-------- RECORDS SUPPLIED --------

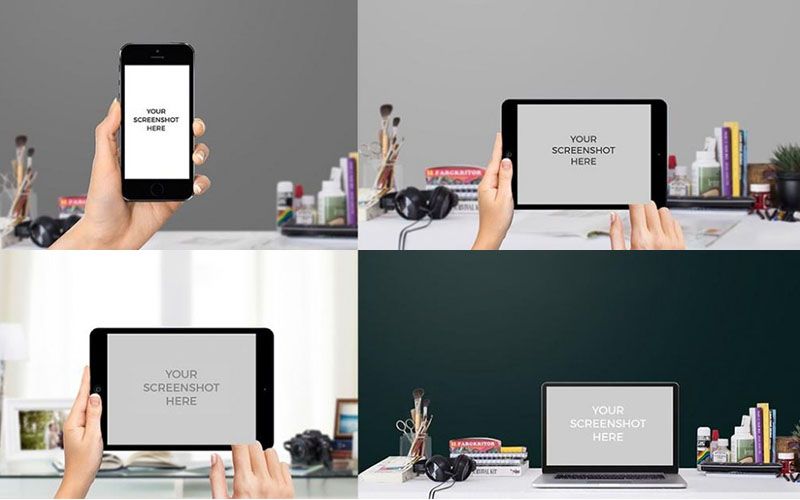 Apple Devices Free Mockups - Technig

--------
-------- RECORDS SUPPLIED --------

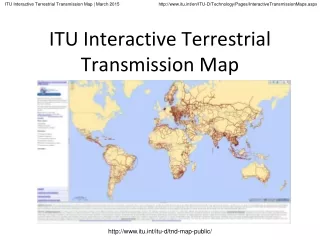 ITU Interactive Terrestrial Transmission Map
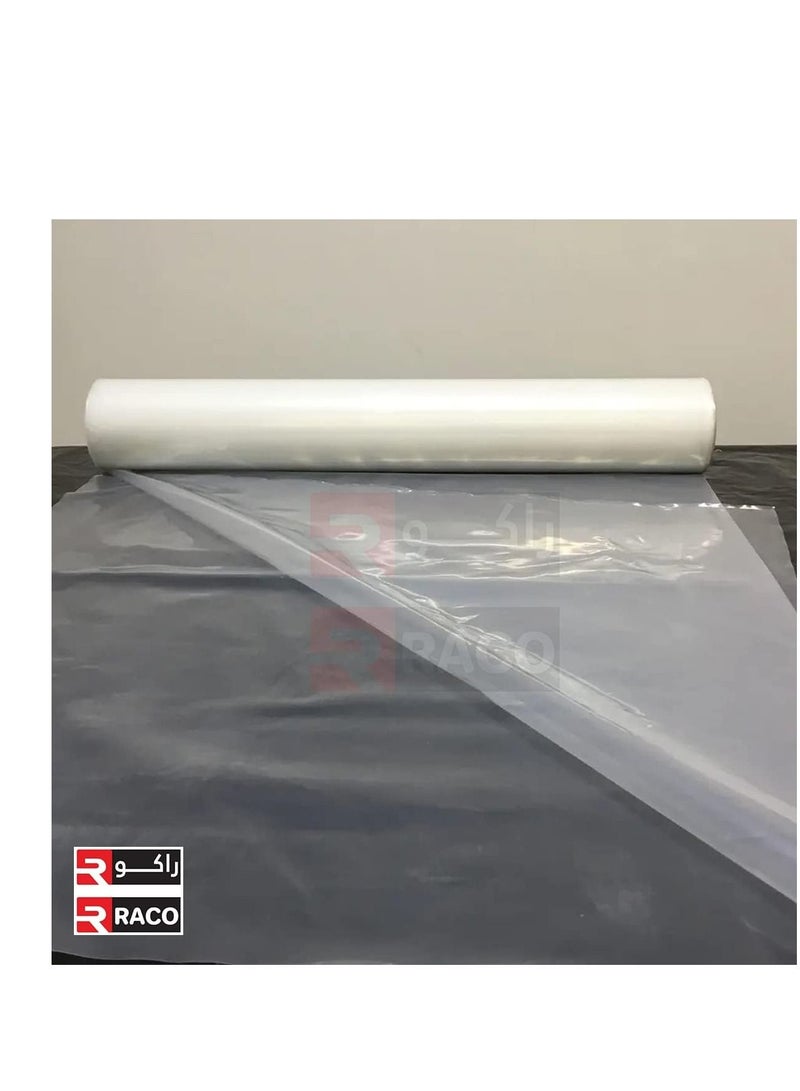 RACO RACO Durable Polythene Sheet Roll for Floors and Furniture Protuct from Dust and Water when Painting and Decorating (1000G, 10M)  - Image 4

--------

Look through the material above. Transcribe exactly the lines between the ones with "ITU Interactive Terrestrial Transmission Map" and "RACO RACO Durable", inclusive, and keep pictures out.

ANSWER BOX.
 ITU Interactive Terrestrial Transmission Map
 RACO RACO Durable Polythene Sheet Roll for Floors and Furniture Protuct from Dust and Water when Painting and Decorating (1000G, 10M)  - Image 4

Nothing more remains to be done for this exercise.